**** Provided entries

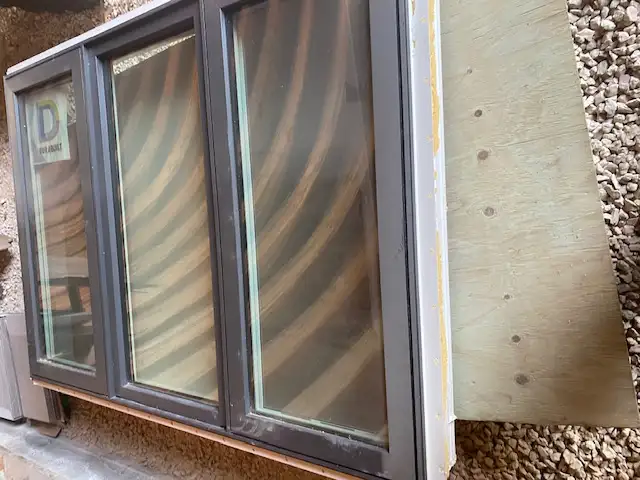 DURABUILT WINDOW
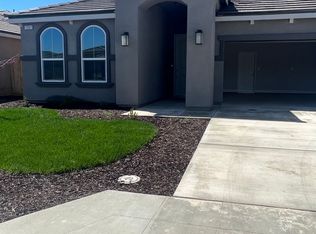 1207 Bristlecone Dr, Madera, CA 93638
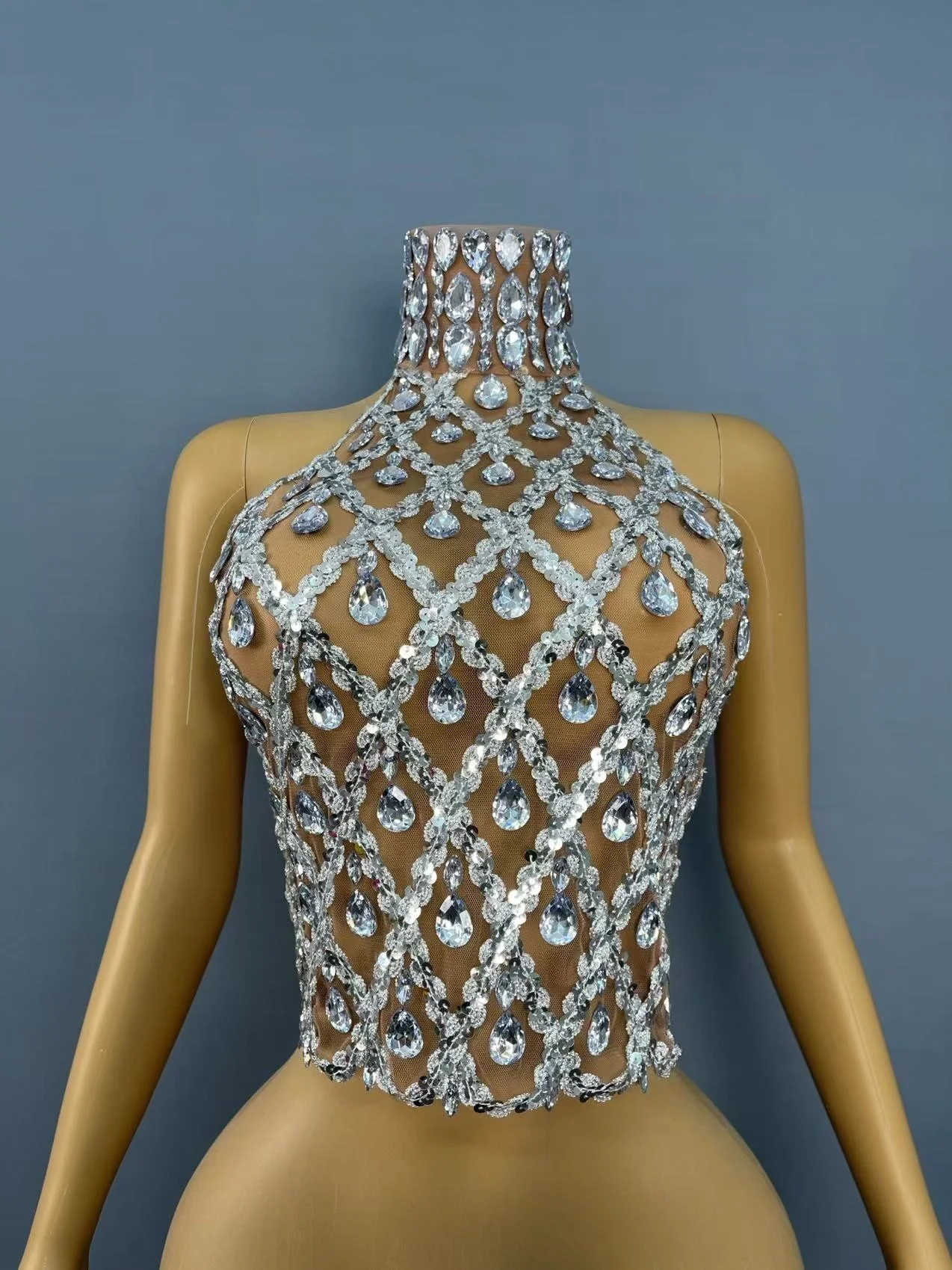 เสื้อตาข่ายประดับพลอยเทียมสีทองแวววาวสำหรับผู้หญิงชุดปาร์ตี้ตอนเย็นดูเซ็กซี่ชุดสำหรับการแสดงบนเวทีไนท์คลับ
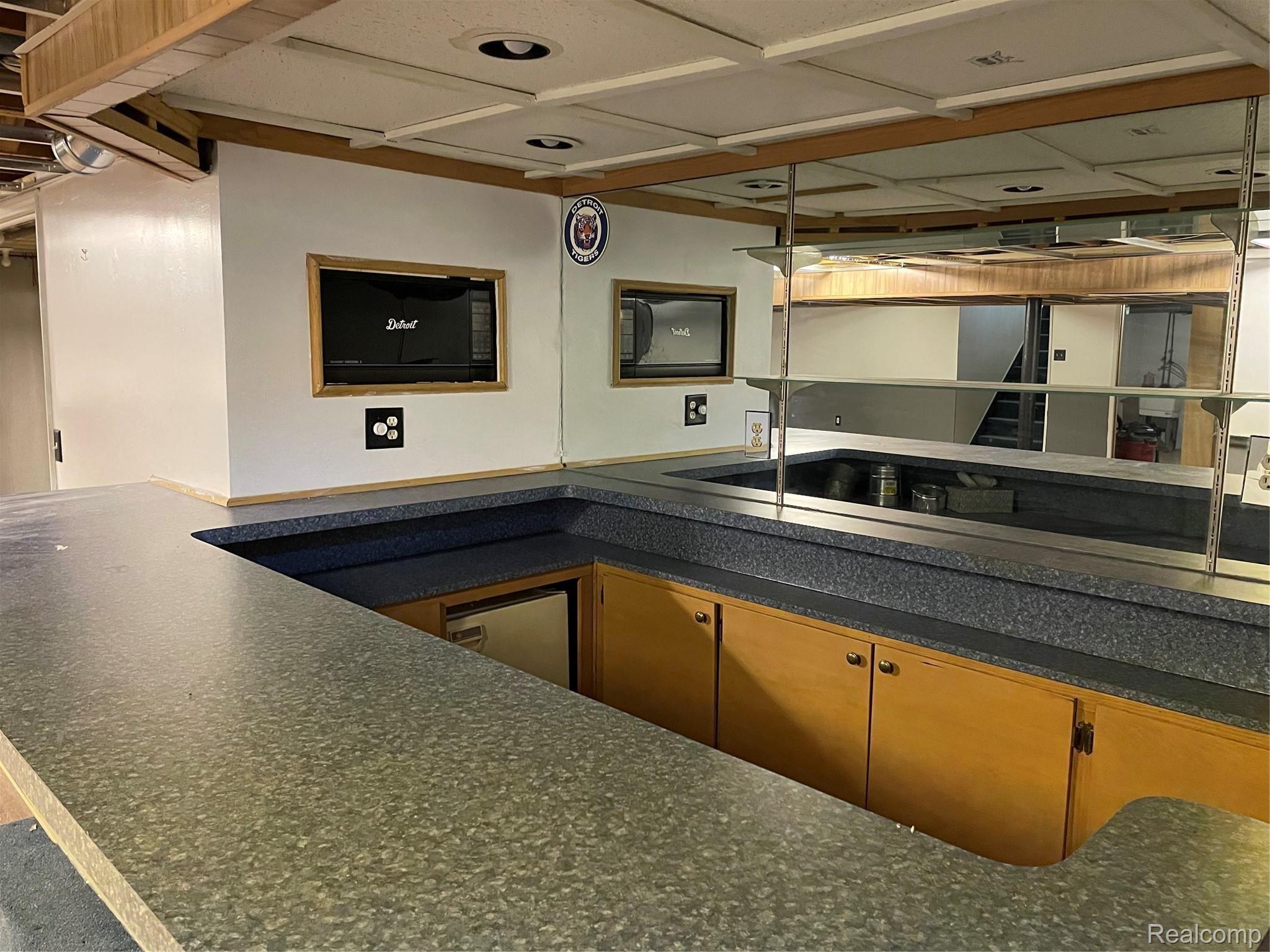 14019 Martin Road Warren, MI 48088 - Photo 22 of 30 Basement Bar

********
**** Provided entries

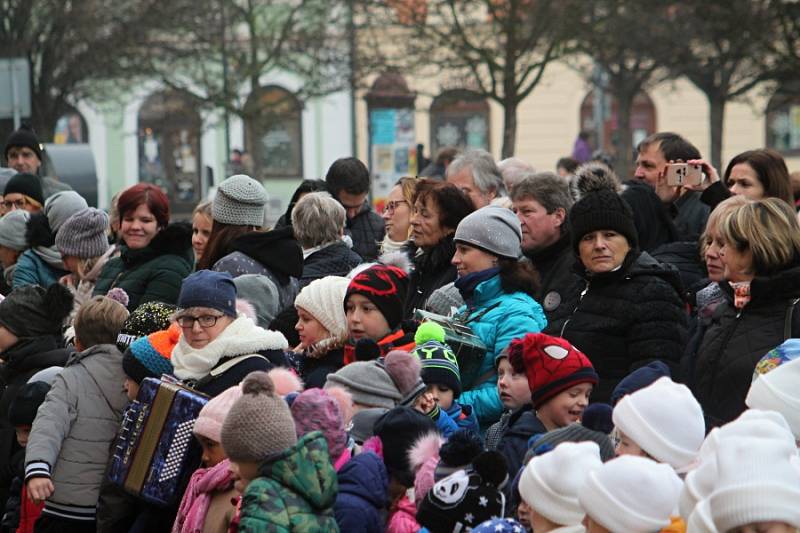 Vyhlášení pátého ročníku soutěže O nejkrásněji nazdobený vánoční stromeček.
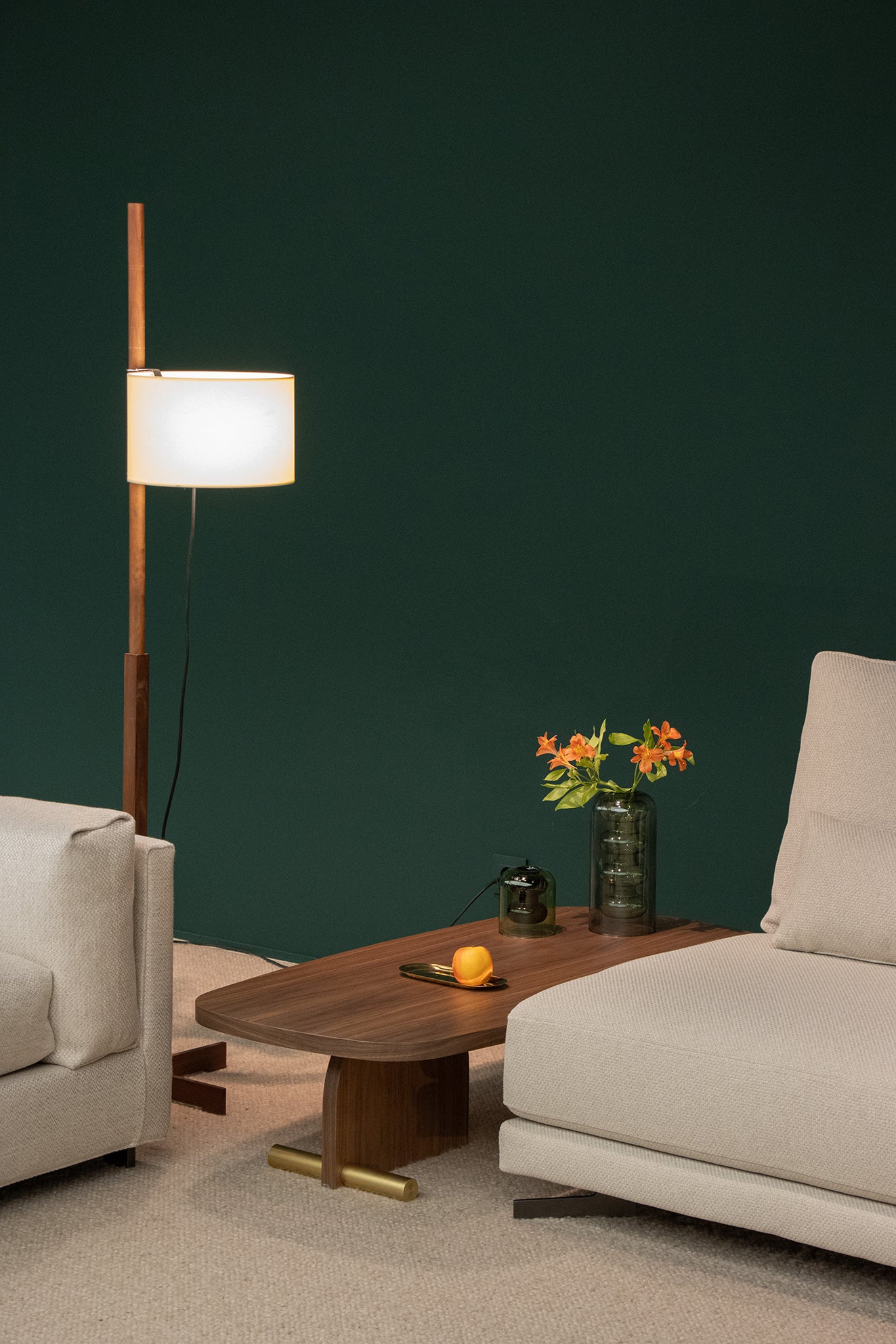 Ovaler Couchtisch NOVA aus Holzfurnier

********
**** Provided entries

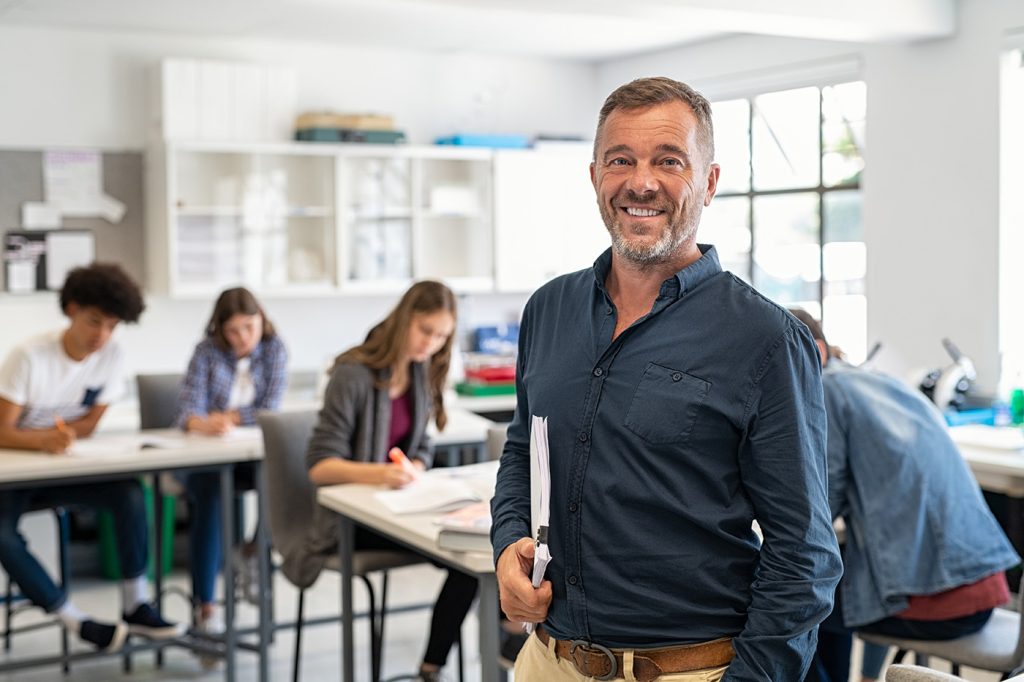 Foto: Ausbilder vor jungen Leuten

********

● Task directions
Everything above from the line with "Vyhlášení pátého ročníku" through the line with "Ovaler Couchtisch NOVA aus Holzfurnier" should be retyped exactly, and nothing else; omit pictures.

● Result
 Vyhlášení pátého ročníku soutěže O nejkrásněji nazdobený vánoční stromeček.
 Ovaler Couchtisch NOVA aus Holzfurnier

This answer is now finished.